[9576] in Commercialization & Privatization of the Internet
Re: Internet in a box
daemon@ATHENA.MIT.EDU (John Galloway)
Tue Jan 11 17:38:19 1994
From: John Galloway <jrg@rahul.net>
To: peterd@bunyip.com (Peter Deutsch)
Date: Tue, 11 Jan 1994 14:36:16 -0800 (PST)
Cc: stpeters@dawn.crd.ge.com, jrg@galloway.sj.ca.us, com-priv@psi.com
In-Reply-To: <9401111943.AA23773@expresso.bunyip.com> from "Peter Deutsch" at Jan 11, 94 02:43:05 pm
Reply-To: jrg@galloway.sj.ca.us
>
> [ You wrote: ]
>
> >
> > > 2) Once the end user has this (or any other IP) capability what purpose
> > > does the BBS serve?
> >
> > None, one hopes. (Well, I hope.)
>
> I must disagree with these sentiments, since I think one
> of the single largest business opportunities coming up in
> the next couple of years will be in "packaging"

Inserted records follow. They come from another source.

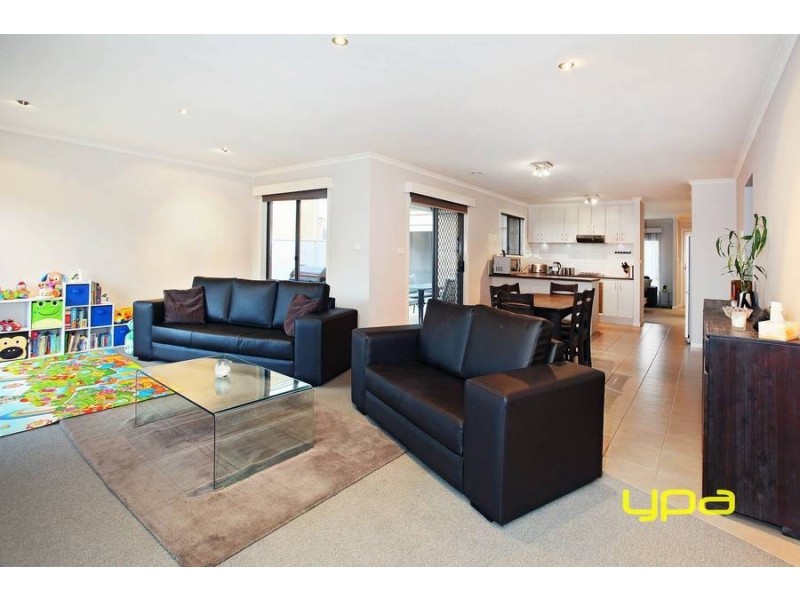 9 Borrowdale Road, Melton West VIC 3337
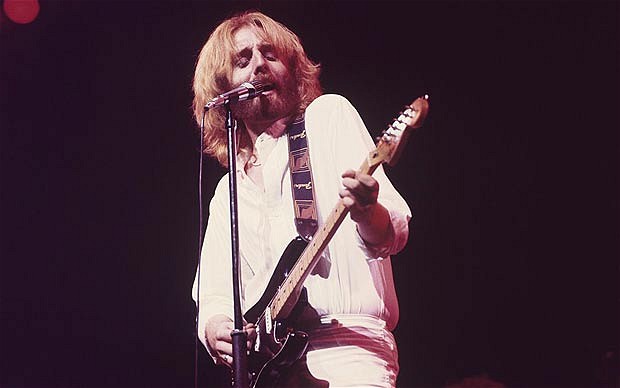 Andrew Gold, who has died aged 59, had three middle-of-the-road British chart hits in the late 1970s, beginning with Lonely Boy, which reached No 11 in April 1977.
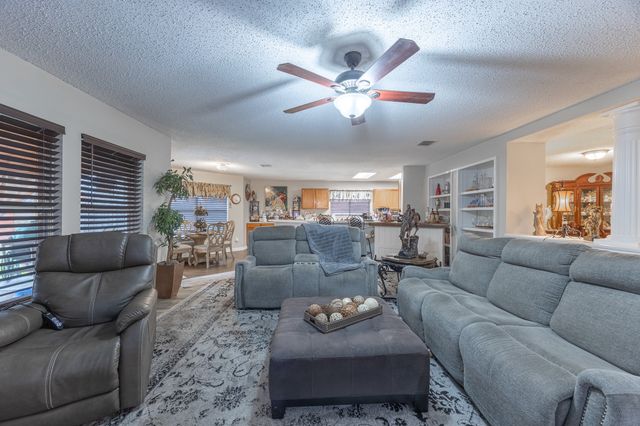 5260 Dillon Circle, Haltom City, TX 76137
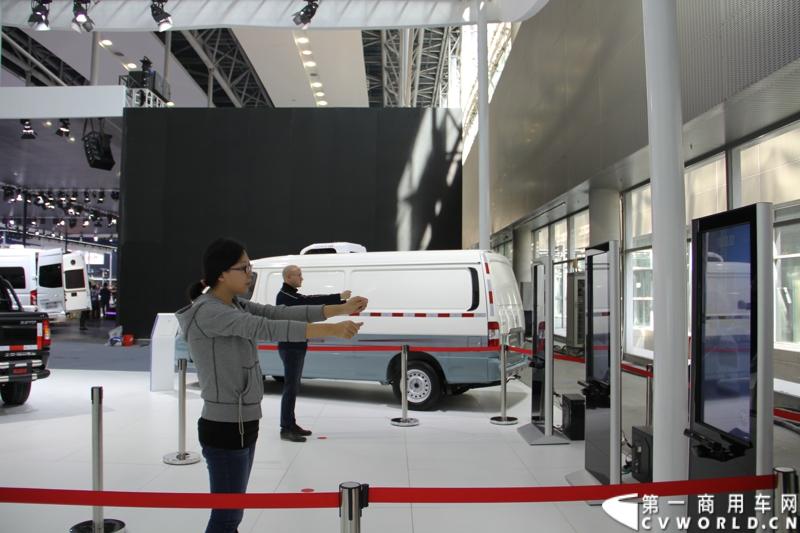 2013年11月21日，第十一届广州国际车展盛大开幕，福田汽车携旗下蒙派克S级、蒙派克E级、风景、拓陆者以及萨普征服者皮卡等7款重点产品亮相。车展现场，福田汽车正式发布2014新品路线图，同时现场揭晓了福田汽车南极品质之旅活动中“极地司机”和“极地梦想家”的最终名单。图为福田展台的模拟赛车游戏 。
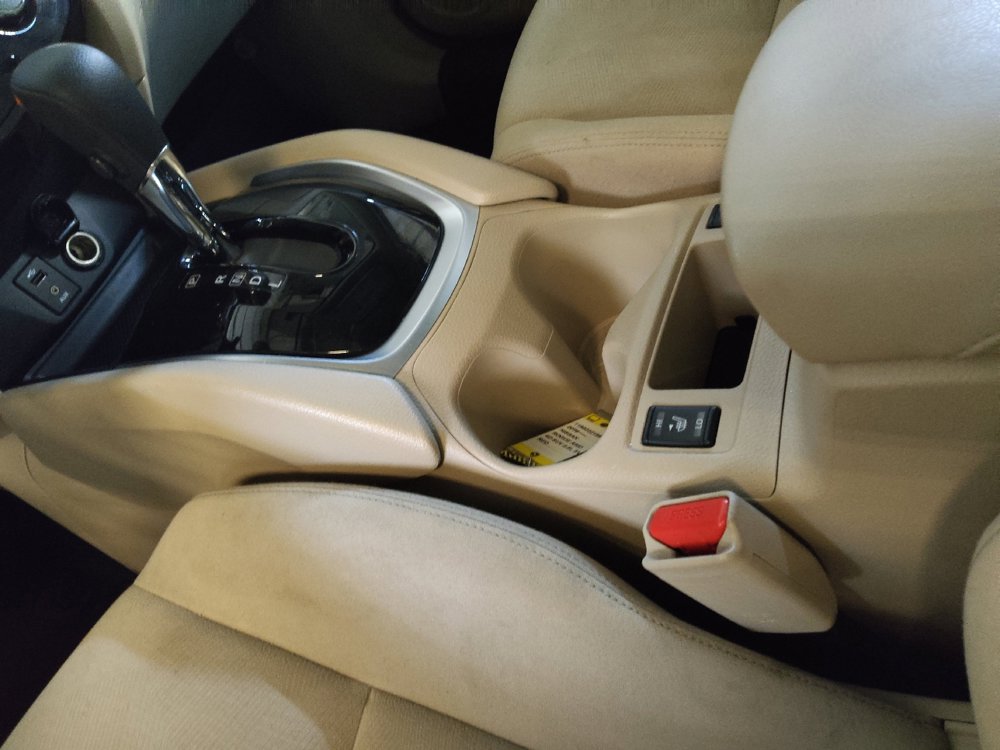 Used 2016 Nissan Rogue SV w/ SV Premium Package image 26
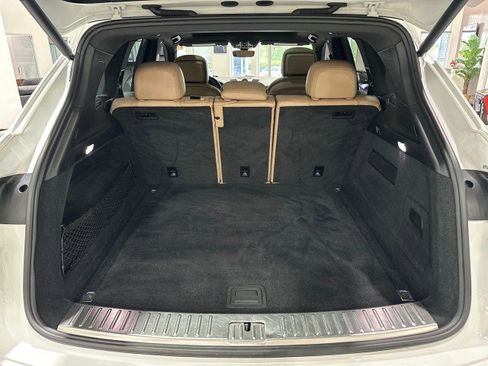 Used 2019 Porsche Cayenne AWD/4WD image 36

> information for specific user communities.
>
> Now, BBS operators do need to recognize the extra value
> that exists in allowing users to "escape" to the net if
But the net IS the resource the users are accessing, they
don't escape to it. Your own system is your window to the
net, not the BBS.
>
> Remember, users don't care about connectivity, protocols
> or other wonders of technology. They want it to be easier
> to find things. Sounds like the role of a sysop to me...
But it will be advances in netwide searching and sorting and
information structuring that will make it easier to find things
and which site what is on will become less and less important.
This also means (I think) that more and more info will be available
directly from its source/generator rather than being "collected"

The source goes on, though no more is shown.